【保存版】プロジェクト管理ドキュメント入門|種類から作り方まで

プロジェクトの成否は、適切なドキュメント管理にかかっていると言っても差し支えありません。しかし、自己流の管理では限界があり、情報の属人化や共有漏れなどの問題が発生しやすくなります

本記事では、プロジェクトの各フェーズで必要となるドキュメントの種類や、作成・管理の実践的なコツ、さらに業務を効率化するおすすめツールまでを解説します。場当たり的な管理から脱却し、プロジェクトを成功へと導くための確かな知識を身につけましょう。

今回は特に、プロジェクト管理に不可欠なドキュメントを一覧形式で整理し、それぞれの役割や作成フェーズを徹底解説します。

プロジェクト管理にドキュメントが不可欠な2つの理由

プロジェクト管理におけるドキュメントは、単なる作業記録ではありません。プロジェクトという船を目的地まで安全に導くための「海図」や「航海日誌」にたとえられます

本章では、ドキュメントの重要性を2つの側面から解説します。

認識のズレをなくす

プロジェクトは、様々な役割を持つメンバーが協力して進める共同作業です。ドキュメントは、プロジェクトに参加するメンバー全員が共通の理解を持つための「共通言語」として機能します。

例えば、要件定義書がなければ、顧客が望むものと開発者が作るものの間で致命的な認識のズレが生じる可能性があります。「言った言わない」といった水掛け論を防ぎ、全員が同じゴールに向かって進むためにも、文書化された情報は不可欠です

ドキュメントがない場合の問題点 ドキュメントがある場合の効果
口頭での指示が曖昧で、誤解が生じる 目的や仕様が明確に定義され、全員が同じ理解を持つ
責任の所在が不明確になり、タスク漏れが発生する 各担当者の役割と責任範囲が文書で明確化される
会議の決定事項が忘れ去られる 議事録によって決定事項が記録され、いつでも確認できる

プロジェクトの健康状態を可視化

プロジェクトマネージャーは、状況を正確に把握し、適切な意思決定を行う必要があります。そのために重要なのが進捗報告書や課題管理表です。これらはプロジェクトの「健康診断書」と言える存在です

これらのドキュメントによって、「計画と実績の差異」「潜在的なリスク」が客観的なデータとして可視化されます。結果として、マネージャーは勘や経験に頼らず、根拠に基づいた判断を下せるようになります。

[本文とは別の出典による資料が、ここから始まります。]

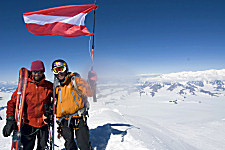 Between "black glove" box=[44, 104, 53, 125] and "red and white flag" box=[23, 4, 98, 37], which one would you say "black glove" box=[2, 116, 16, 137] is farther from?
"red and white flag" box=[23, 4, 98, 37]

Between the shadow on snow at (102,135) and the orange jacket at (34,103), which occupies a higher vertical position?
the orange jacket at (34,103)

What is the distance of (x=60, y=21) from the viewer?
674 centimetres

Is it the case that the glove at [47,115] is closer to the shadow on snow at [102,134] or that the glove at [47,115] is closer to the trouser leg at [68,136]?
the trouser leg at [68,136]

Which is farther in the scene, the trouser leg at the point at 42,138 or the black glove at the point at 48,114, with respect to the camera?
the trouser leg at the point at 42,138

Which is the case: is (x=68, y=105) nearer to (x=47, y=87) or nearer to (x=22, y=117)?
(x=47, y=87)

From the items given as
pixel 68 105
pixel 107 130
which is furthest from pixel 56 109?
pixel 107 130

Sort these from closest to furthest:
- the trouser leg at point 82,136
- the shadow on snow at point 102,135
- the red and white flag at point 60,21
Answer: the trouser leg at point 82,136 → the shadow on snow at point 102,135 → the red and white flag at point 60,21

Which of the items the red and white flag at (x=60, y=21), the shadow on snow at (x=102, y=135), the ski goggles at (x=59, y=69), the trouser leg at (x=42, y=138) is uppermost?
the red and white flag at (x=60, y=21)

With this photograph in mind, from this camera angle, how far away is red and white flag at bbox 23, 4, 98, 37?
6.48m

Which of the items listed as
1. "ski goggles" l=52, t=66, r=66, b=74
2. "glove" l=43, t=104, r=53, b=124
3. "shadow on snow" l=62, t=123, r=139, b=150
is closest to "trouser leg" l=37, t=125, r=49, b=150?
"glove" l=43, t=104, r=53, b=124

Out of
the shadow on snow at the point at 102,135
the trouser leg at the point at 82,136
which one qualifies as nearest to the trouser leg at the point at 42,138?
the trouser leg at the point at 82,136

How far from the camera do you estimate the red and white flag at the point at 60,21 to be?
648cm

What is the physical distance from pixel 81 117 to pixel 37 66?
84.5 inches

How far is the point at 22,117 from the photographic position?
4.07m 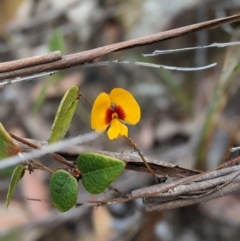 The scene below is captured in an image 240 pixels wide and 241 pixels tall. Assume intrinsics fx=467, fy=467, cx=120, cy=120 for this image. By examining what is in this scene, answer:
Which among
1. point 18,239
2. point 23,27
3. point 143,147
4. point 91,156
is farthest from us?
point 23,27

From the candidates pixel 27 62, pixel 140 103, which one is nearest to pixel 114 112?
pixel 27 62

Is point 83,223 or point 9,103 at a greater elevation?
point 9,103

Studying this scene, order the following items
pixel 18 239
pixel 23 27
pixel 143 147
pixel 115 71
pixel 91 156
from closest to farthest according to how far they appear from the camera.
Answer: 1. pixel 91 156
2. pixel 18 239
3. pixel 143 147
4. pixel 115 71
5. pixel 23 27

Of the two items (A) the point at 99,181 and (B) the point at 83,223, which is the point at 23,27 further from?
(A) the point at 99,181

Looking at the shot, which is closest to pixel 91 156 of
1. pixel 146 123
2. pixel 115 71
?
pixel 146 123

プロジェクト管理ドキュメントの種類1:立ち上げフェーズ

立ち上げフェーズで作成するドキュメントは、プロジェクトの基本方針を定め、関係者間で目的意識を統一し、承認を得るために不可欠です

ドキュメント名 目的 主な記載内容
プロジェクト憲章 プロジェクトの目的・目標・背景を定義し、公式な承認を得る ・プロジェクトの背景と目的
・測定可能な目標と成功基準
・ハイレベルな要求事項、前提条件、制約条件
・主要なステークホルダー
・任命されたプロジェクトマネージャーとその責任範囲
要求仕様書 (RFP) 外部のベンダーに提案を依頼する際に、プロジェクトの要求を伝える ・プロジェクトの概要と背景
・システム化の範囲と目標
・必須の機能要件および非機能要件
・提案の提出形式と期限
・選定基準

プロジェクト管理ドキュメントの種類2:計画フェーズ

立ち上げフェーズで定めた方針を、実行可能な具体的なアクションプランに落とし込むのが「計画フェーズ」です。

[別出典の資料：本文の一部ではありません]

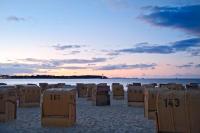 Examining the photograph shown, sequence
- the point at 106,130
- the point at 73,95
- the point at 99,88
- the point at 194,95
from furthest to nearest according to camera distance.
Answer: the point at 99,88 → the point at 73,95 → the point at 106,130 → the point at 194,95

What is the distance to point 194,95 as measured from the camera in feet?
31.7

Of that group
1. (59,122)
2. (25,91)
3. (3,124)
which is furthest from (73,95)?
(25,91)

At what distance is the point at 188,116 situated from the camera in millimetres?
9797

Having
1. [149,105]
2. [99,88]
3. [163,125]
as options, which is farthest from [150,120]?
[99,88]

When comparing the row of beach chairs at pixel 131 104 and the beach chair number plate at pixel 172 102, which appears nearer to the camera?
the row of beach chairs at pixel 131 104

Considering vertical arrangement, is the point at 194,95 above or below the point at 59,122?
above

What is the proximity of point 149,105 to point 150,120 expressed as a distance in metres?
0.78

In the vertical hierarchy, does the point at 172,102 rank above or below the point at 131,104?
above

計画フェーズのドキュメントは、プロジェクトの三大要素である「品質(Quality)」「コスト(Cost)」「納期(Delivery)」を管理するための設計図です

WBS(作業分解構成図)とスケジュール表(ガントチャート)

プロジェクトを成功させるには、まず「何をすべきか」を洗い出す必要があります。

WBS(作業分解構成図)は、プロジェクトの成果物を達成するために必要な作業を、階層的に細分化して整理する方法です。WBSにより、タスクの抜け漏れを防ぎ、全体像を正確に把握できます。

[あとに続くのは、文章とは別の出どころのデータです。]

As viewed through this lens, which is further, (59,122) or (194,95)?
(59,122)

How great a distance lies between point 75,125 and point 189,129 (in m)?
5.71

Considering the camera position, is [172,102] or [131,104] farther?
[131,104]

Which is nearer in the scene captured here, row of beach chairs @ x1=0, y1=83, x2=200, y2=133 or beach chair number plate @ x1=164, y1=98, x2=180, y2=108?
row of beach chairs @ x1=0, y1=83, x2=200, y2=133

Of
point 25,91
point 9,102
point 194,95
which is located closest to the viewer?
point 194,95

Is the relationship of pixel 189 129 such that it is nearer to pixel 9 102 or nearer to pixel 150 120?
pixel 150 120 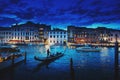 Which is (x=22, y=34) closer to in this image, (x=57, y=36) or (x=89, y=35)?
(x=57, y=36)

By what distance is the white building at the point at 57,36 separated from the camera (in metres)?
149

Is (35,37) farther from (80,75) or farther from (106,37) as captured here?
(80,75)

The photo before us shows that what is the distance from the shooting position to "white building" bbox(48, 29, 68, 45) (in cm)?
14875

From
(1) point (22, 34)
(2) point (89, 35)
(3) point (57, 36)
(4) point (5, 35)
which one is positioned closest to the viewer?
(1) point (22, 34)

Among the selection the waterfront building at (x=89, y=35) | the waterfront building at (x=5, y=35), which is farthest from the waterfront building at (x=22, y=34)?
the waterfront building at (x=89, y=35)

そして、WBSで洗い出した各タスクを時間軸に沿って配置し、担当者や依存関係を可視化したものがガントチャートです。誰が、いつまでに、何をするのかが一目で分かります。

ドキュメント名 目的 主な記載内容
WBS (作業分解構成図) プロジェクトに必要な全作業を洗い出し、構造化する ・主要な成果物 (最上位レベル)
・成果物を構成する要素 (中間レベル)
・具体的な作業タスク (最下位レベル:ワークパッケージ)
スケジュール表 (ガントチャート) 各タスクの期間・担当者・依存関係を可視化し、進捗を管理する ・WBS に基づくタスクリスト
・各タスクの開始日と終了日
・タスク間の依存関係 (先行タスクなど)
・担当者
・進捗状況(進捗率など)

ガントチャートについては、下記の記事も参考にしてください。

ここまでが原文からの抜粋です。